→ WHAT NEEDS TO BE DONE: Going line by line through the records below, write out everything starting with the line containing "Structural blocking behind cabinet extension" and going on through the line containing "denim heart bag【D】", exactly and inclusively. Pictures do not go in.

→ INPUT RECORDS:
*** Block opens ***

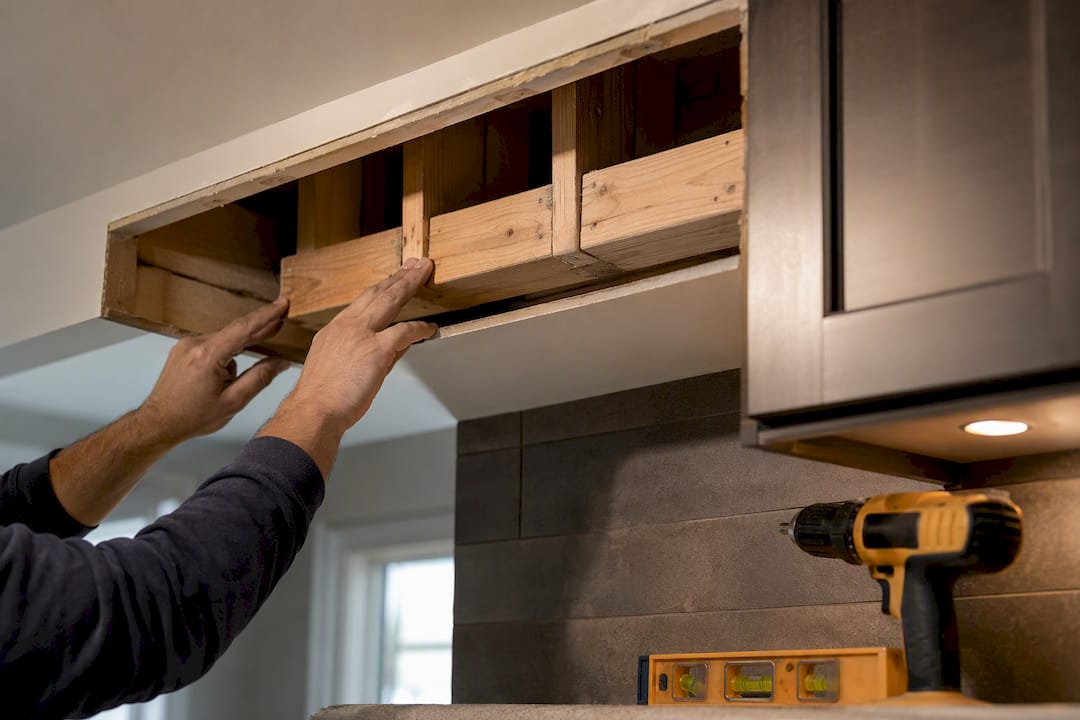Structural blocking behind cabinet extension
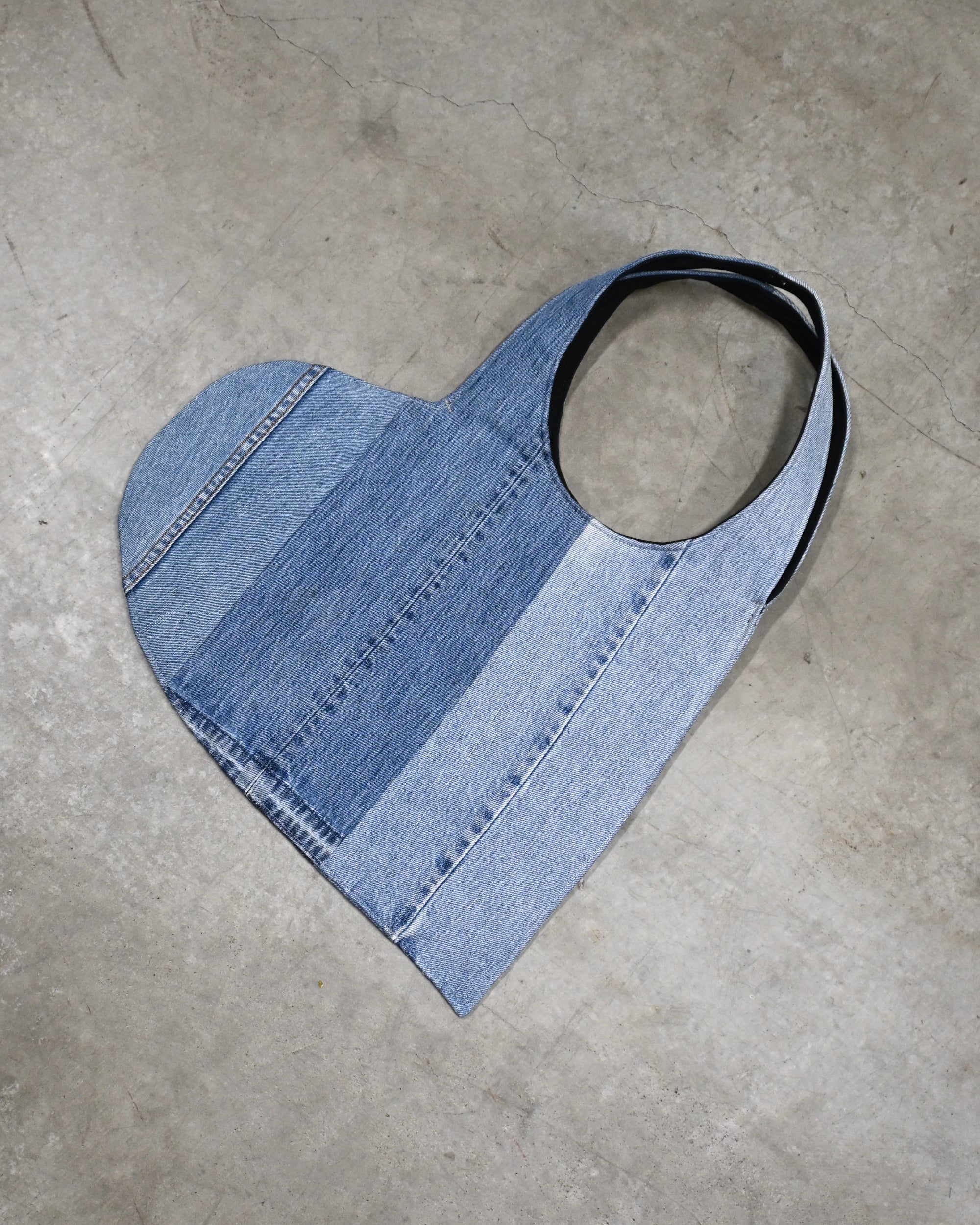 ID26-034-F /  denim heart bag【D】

*** Block closes ***
*** Block opens ***

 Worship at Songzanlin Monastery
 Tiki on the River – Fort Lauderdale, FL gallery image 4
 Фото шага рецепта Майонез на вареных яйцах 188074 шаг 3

*** Block closes ***

→ SOLVED EXERCISE:
Structural blocking behind cabinet extension
 ID26-034-F /  denim heart bag【D】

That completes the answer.